Recommended parameters for CLR vs ONT #31

Closed SHuang-Broad closed 3 years ago

SHuang-Broad commented 4 years ago

Hi,

I'm wondering if you have any recommendations on parameters for

I'm asking because I've observed great improvements from Racon on ONT drafts, but when polished with the same default parameters on CLR drafts, the results wasn't much better.

Of course it could be that the parameters used for the overlap generation weren't optimal, but I'd like to see if you've already have some recommendations.

Thanks!

Steve

rvaser commented 4 years ago

Hi Steve, sorry for asking, but CLR is an abbreviation for?

Best regards, Robert

SHuang-Broad commented 4 years ago

Sorry Robert. What I meant was the continuous long read (CLR) protocol from PacBio. Compared to CCS/HiFi from PacBio, it has a higher error rate.

rvaser commented 4 years ago

I don not think that I have a special set of parameters that should work better on CLR data. You could maybe try the old Racon parameters (5, -4, -8) or with (2, -5, -2) for match, mismatch and gap, respectively. Usually we do not change mapper parameters.

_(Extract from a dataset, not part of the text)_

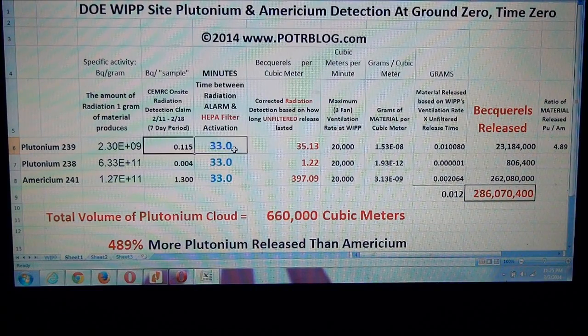We assume the way this works is the EPA says they want to know how much radiation escaped while the HEPA filters were off. So they calculate it out and say, based on the 33 minutes and based on our detection in the air filters, only 36-something becquerels of plutonium escaped.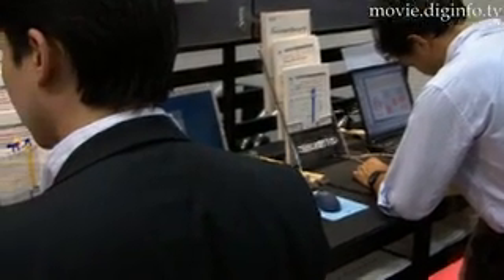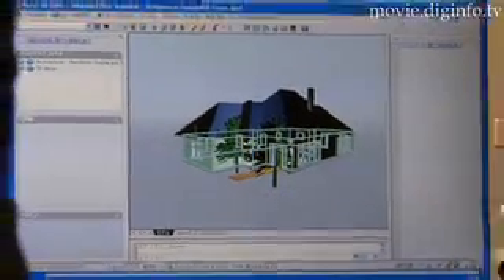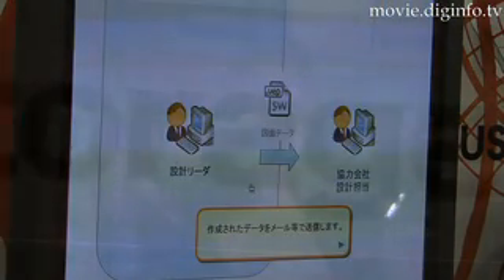In addition, when your company allows its partner companies to share design data, only designated users are allowed to view and use the data on the virtual secure drive, so the data remains safe but quickly accessible simultaneously to authorized personnel.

SHuang-Broad commented 4 years ago

Thanks Robert! I'll try and report back.

SHuang-Broad commented 4 years ago

Hi Robert,

while using the parameter set (5, -4, -8) with GPU enabled and splitting the work into three chunks using the python script, I received the follow error

[racon::Window::generate_consensus] warning: contig 41 might be chimeric in window 66276!
[racon::Window::generate_consensus] warning: contig 41 might be chimeric in window 66277!
[racon::Window::generate_consensus] warning: contig 41 might be chimeric in window 66278!
[racon::Window::generate_consensus] warning: contig 41 might be chimeric in window 66279!

How should I interpret these warnings, and what should I watch out for in the output?

Thanks!

rvaser commented 4 years ago

Hi Steve, this warning means that the window trimming heuristic could not trim both sides of the consensus. The method searches for the first and last consensus base which is covered with at least half reads that are inside the window. The warning arises when the coverage of the window is uneven, i.e. it could be a repetitive region coupled with a lot of short reads mapping to it or a chimeric region. Usually the warning is a false positive, so you can ignore it.

Best regards, Robert

P.S. We are testing a new heuristic which should work better for uneven coverage. Also, we are trying to reinstate overlapping windows which will make the trimming method obsolete.

SHuang-Broad commented 4 years ago

Hi Robert,

Thanks for the comment on the warnings!

I tried both "old" parameters on my draft, both only 1 round. The sad fact is—based on QUAST—is that the indel and mismatch rates deteriorate with the new and the old parameter sets, but the old default parameter set (2, -5, -2) is the one that is not as bad as the other two sets.

Not good news I know, but this is just one data point.

But, but but, one trend we do observe, is that results are usually quite good with ONT data.

Thanks for all the help!

rvaser commented 4 years ago

Meaning that the (2, -5, -2) works good on both PB and ONT data?

SHuang-Broad commented 4 years ago

Sorry, the new parameter tend to work good on ONT data.

None of the parameter presets seem to improve the PacBio data I worked on, and (2, -5, -2) seem to be the one that caused the least drop.

The metrics I used is indel and mismatch rate from QUAST.

If you are interested, I believe I can email you the QUAST tables (we don't own the data, so I cannot share the raw data).

rvaser commented 4 years ago

If it is not a problem, I would like to have a look at the QUAST results :)

SHuang-Broad commented 4 years ago

Tables sent via email.